4.3.3.5 Pharmaceuticals, Steroids, and Hormones. Among the set of 21 pharmaceuticals,
steroids, and hormones included in the in-depth statistical analyses, one analyte (cimetidine) had no
reported measurement for ID 34 because the laboratory result for this facility did not meet EPA's quality
assurance criteria. As noted in the data listings within Appendix A.6.2, EPA excluded at least one
measurement for 28 other pharmaceuticals, steroids, and/or hormones that were not selected for the in-
depth statistical analyses, also for quality assurance reasons.
For the six facilities with field duplicate samples collected, the measurement for one sample was
frequently no more than two times the other. Some exceptions occurred, such as for total erythromycin
and miconazole at ID 32, and for several steroids and hormones at ID 19. Even with the exceptions, EPA
40 January 2009
-------
considered the results to be reasonable, and continued to average field duplicate measurements within a
facility for pharmaceuticals, steroids, and hormones.

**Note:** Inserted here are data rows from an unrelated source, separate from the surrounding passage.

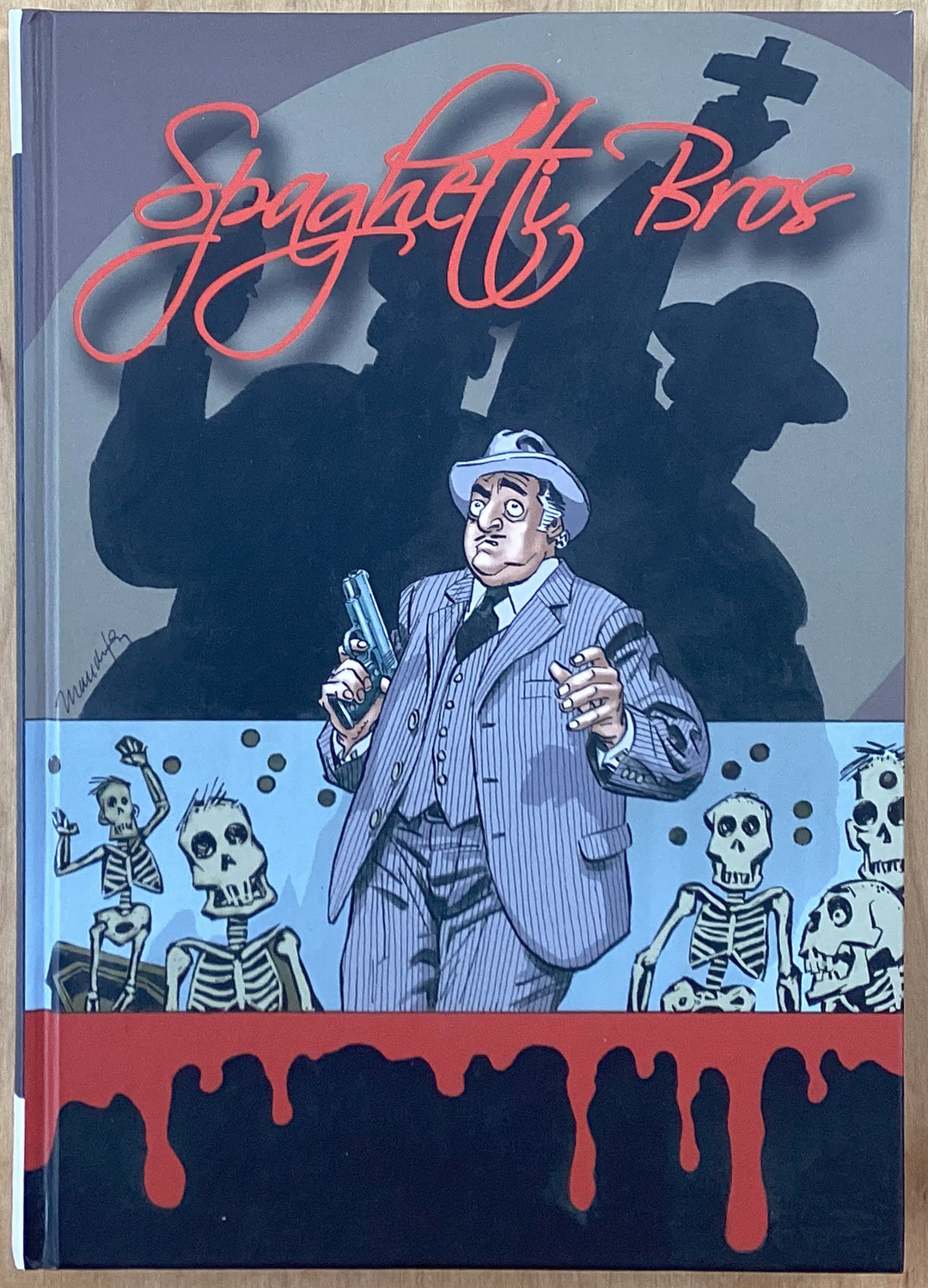 Spaghetti Bros, Vol. 3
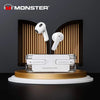 Monster Airmars XKT08 半入耳真無線耳機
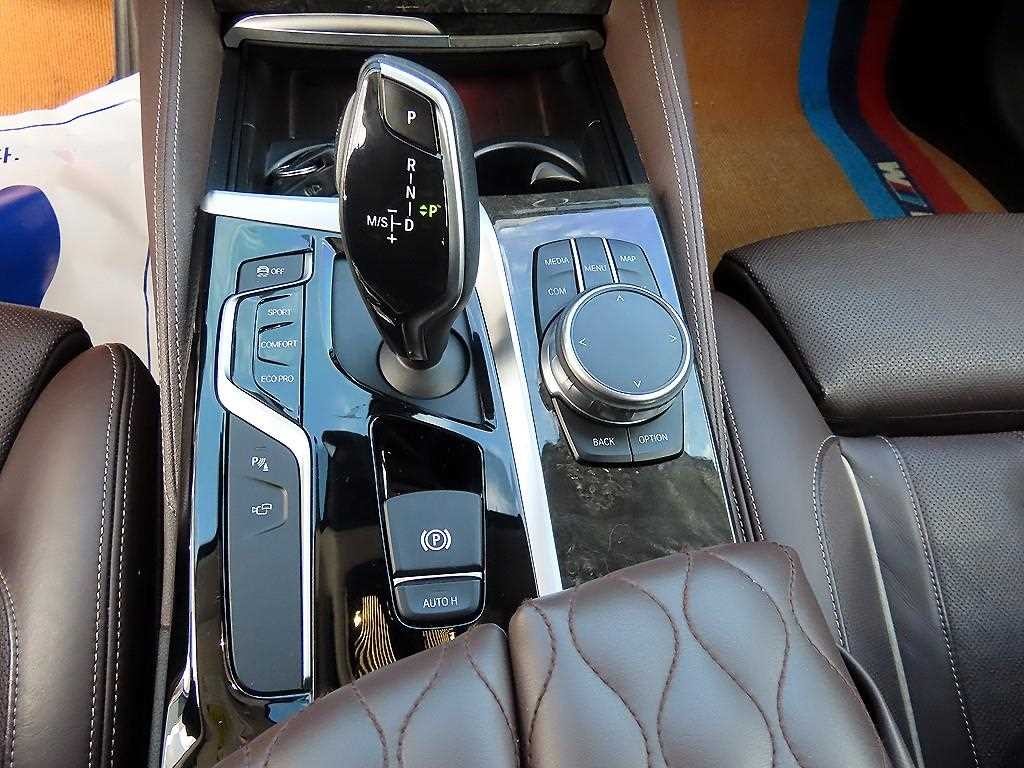 BMW 5시리즈 5시리즈 (G30) 530d 럭셔리 플러스 이미지 11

For some of the pharmaceuticals, steroids, and hormones, within a facility with two treatment systems,
the extent of differences in measurements between the two samples was similar to what we observed with
the PBDEs. For six analytes (azithromycin, cholestanol, cholesterol, ciprofloxacin, diphenhydramine,
ofloxacin), each of these four facilities had one sample measurement that exceeded twice the value of the
other sample, while all facilities with field duplicate samples had smaller deviations. As a result, we did
not average measurements within these facilities. Instead, we used the measurements individually in the
statistical analysis. Like the PBDEs, we assigned a weight to each sample result equal to the facility's
survey weight divided by two.
We chose the lognormal approach for each of the 21 pharmaceuticals, steroids, and hormones for the in-
depth statistical analysis. Although the p-values from the Shapiro-Wilk test were occasionally below 0.05
for some of these analytes, the bar charts and boxplots suggested that any deviation from lognormality
tended to be minor.
Although our statistical tests identified some potential outliers among seven of the 21 analytes (Table 4-4;
Appendix B.1.2), there was not sufficient evidence to warrant exclusion of any of these values from the
statistical analysis. Unlike the other analyte classifications, the outliers associated with this set of 21
analytes were on both the low and high side. No single facility was the primary source of these outliers.
4.4 National Estimates
By applying the statistical approach specified in Section 4.3, we obtained estimates of the mean, standard
deviation, and selected percentiles (99th, 98th, 95th, 90th, and 50th percentiles) for each of the 34 analytes
specified in Table 4-1. Appendix C provides details on how these estimates were calculated within each
approach (lognormal and nonparametric). Each method incorporated the final survey weights assigned to
the POTWs. Therefore, these estimates are representative of the distribution of concentrations in
biosolids for the entire target population (i.e., they represent "national" estimates).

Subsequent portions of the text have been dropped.